Пятнадцать, обороняющиеся от двадцати. Военная тактика дает такой расклад, подтвержденный десятками войн и локальных конфликтов. Одно отделение, занимающее позиции, способно удержать взвод. Один взвод способен держаться, отбиваясь от роты. Рота – от батальона. Батальон – от полка. Простая арифметическая выкладка. Ты способен атаковать и победить, если ты втрое сильнее. Существует еще множество факторов, именуемых «техническим оснащением сторон» и «человеческим фактором» – еще Чингисхан говорил, что непобедимость крепости зависит от того, кто ее защищает, но при равенстве мотивации и единстве вооружения главным принципом атаки всегда остается один – «три к одному». Четверо против троих при атаке – сумасшествие, сродное атаке конного эскадрона на танковый корпус.
Перед засевшими в заводских развалинах боевиками были те, кто заходил на площадь Минутка в середине девяностых, кто брал Грозный и кто выметал убийц из Карамахов и Чабанмахов в девяносто девятом.

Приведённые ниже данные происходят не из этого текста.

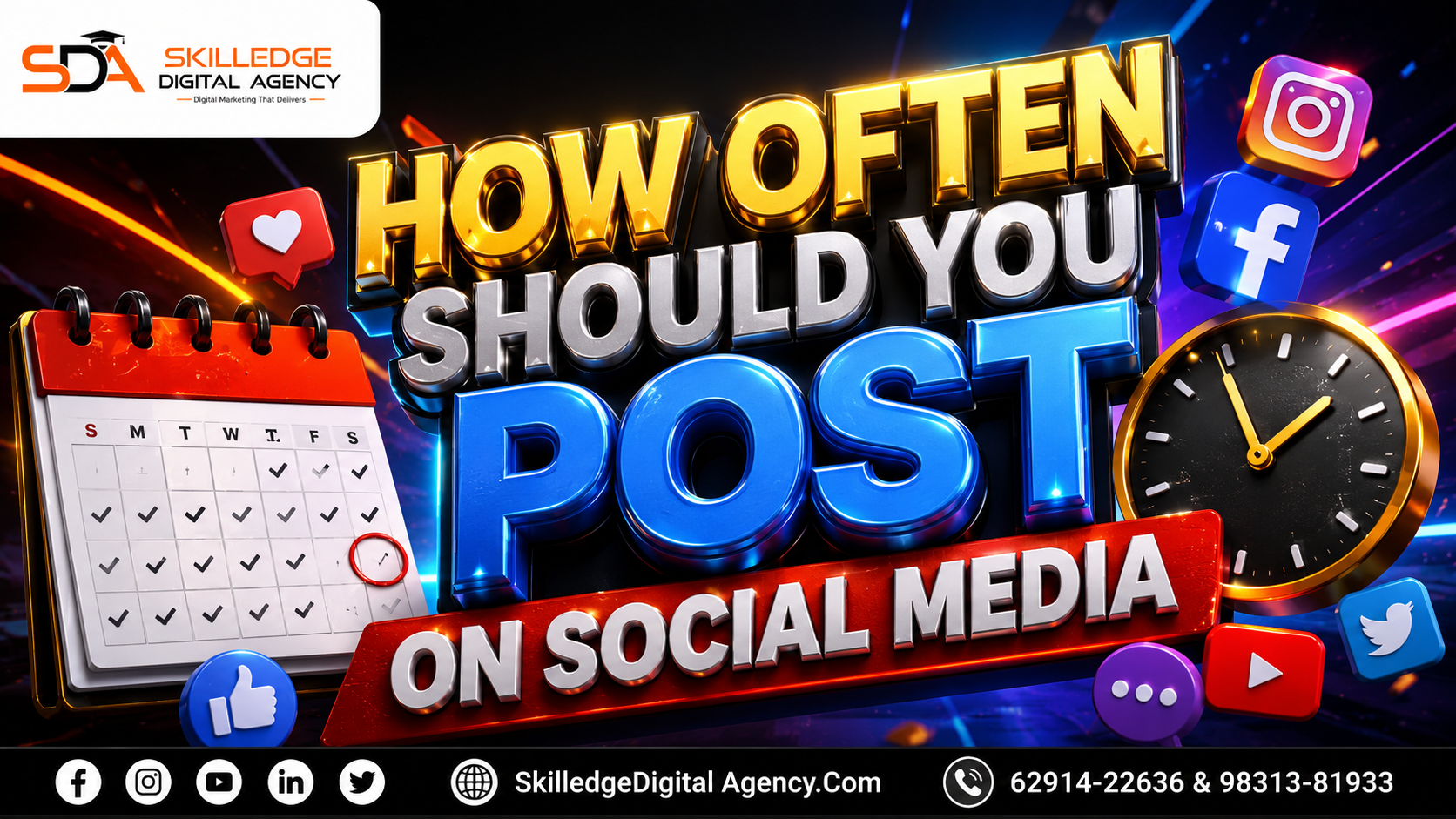 How Often Should You Post on Social Media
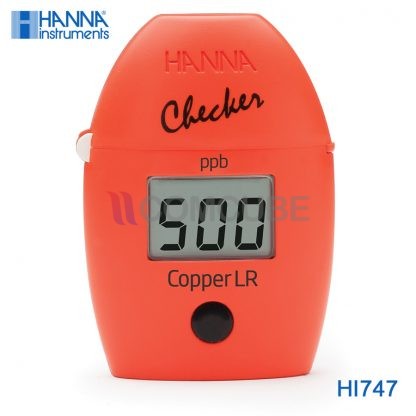 เครื่องวัดทองแดงในน้ำ (ช่วงต่ำ) Copper HANNA HI747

И, кто знает, не встречались ли сейчас те, кто уже с пяток раз пытались друг друга убить?
«Аллах акбар!!» – и в сторону заводских ворот неслась очередь из полутора десятков патронов.
«Аллах акбар» – и собровец проводил глазами гранату, вылетевшую из-за укрытия и упавшую за его спину.

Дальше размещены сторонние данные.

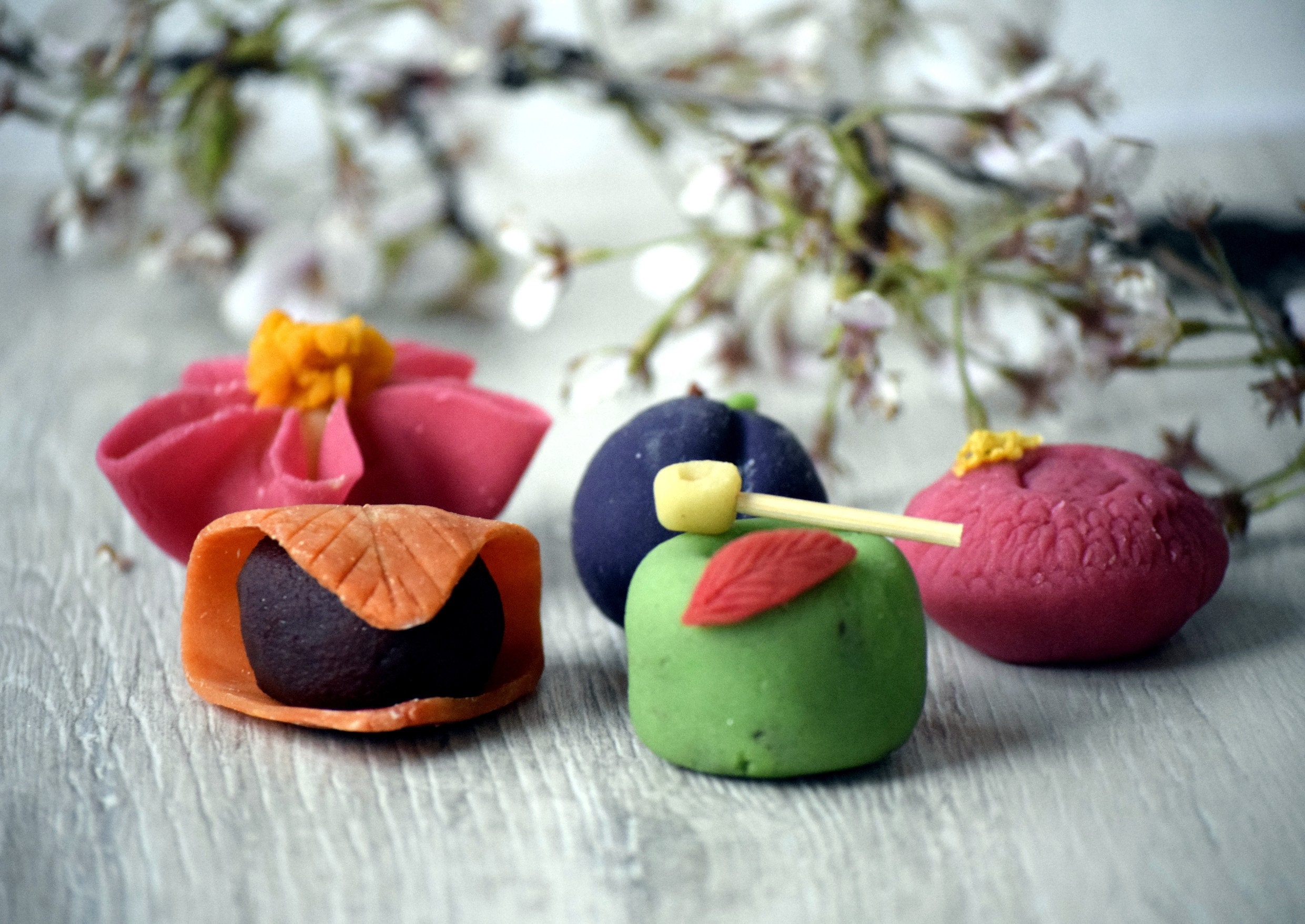 Online Wagashi Cooking Class Etsy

«Господи Иисусе, спаси и сохрани!» – и она разорвалась, потрепав на спине бронежилет и оцарапав плечи. Смерть дыхнула в спину, но прошла мимо. Чуть задела вонючим от прокисшей крови плащом, ударила по локтю черенком косы, но прошла…
Веснушчатый собровец-крепыш в маске, поставив в проем раскрошившейся бетонной плиты винтовку с оптикой, поймал в прицел взметнувшееся над грудой кирпичей тело и привычно нажал на спуск. Как в тире. Как в Грозном. Как во время отбоя при обстреле колонны под Толстой-Юртом…
Покрытый сантиметровой щетиной боевик взял на прицел высокого собровца с «кипарисом» в руках… палец поехал назад, вытягивая спусковой крючок…
И в лицо ударила густая, горячая лава.
Вах! – бескровными губами промолвил боевик. Лава только что вылетела из размозженного пулей черепа его товарища, откроила кусок с ладонь размером и выбросила в сторону мозги.
Мозги на лице, мозги на рукаве, мозги даже на мушке и прицеле автомата. Как стрелять, вах? От плеча.
И длинная очередь, пройдясь пылью по развалинам, срубила одного из УБОПа, прошив тому ногу.
Эти крики из десятков мест. Только по ним можно догадываться, сколько человек участвует в этой мясорубке и где они находятся…
– Что будем делать, воин? – спрашивает Хараев, сжимая дрожащей рукой гранату и морщась от боли под ухом.
– Сидеть и молча молиться, чтобы ни в одно из двух закрытых окон не залетела пуля, – отвечает ему Сидельников, которому очень хочется стереть с виска ползущую по коже и раздражающую ее каплю пота.
Бронированный «БМВ» чеченского авторитета хорош. Он снабжен стальной плитой, защищающей брюхо машины и мужское достоинство пассажиров, но сейчас эта броня совершенно бесполезна. У него пуленепробиваемые стекла, а в двери, капот и крылья вмонтированы листы, способные держать автоматную очередь в упор.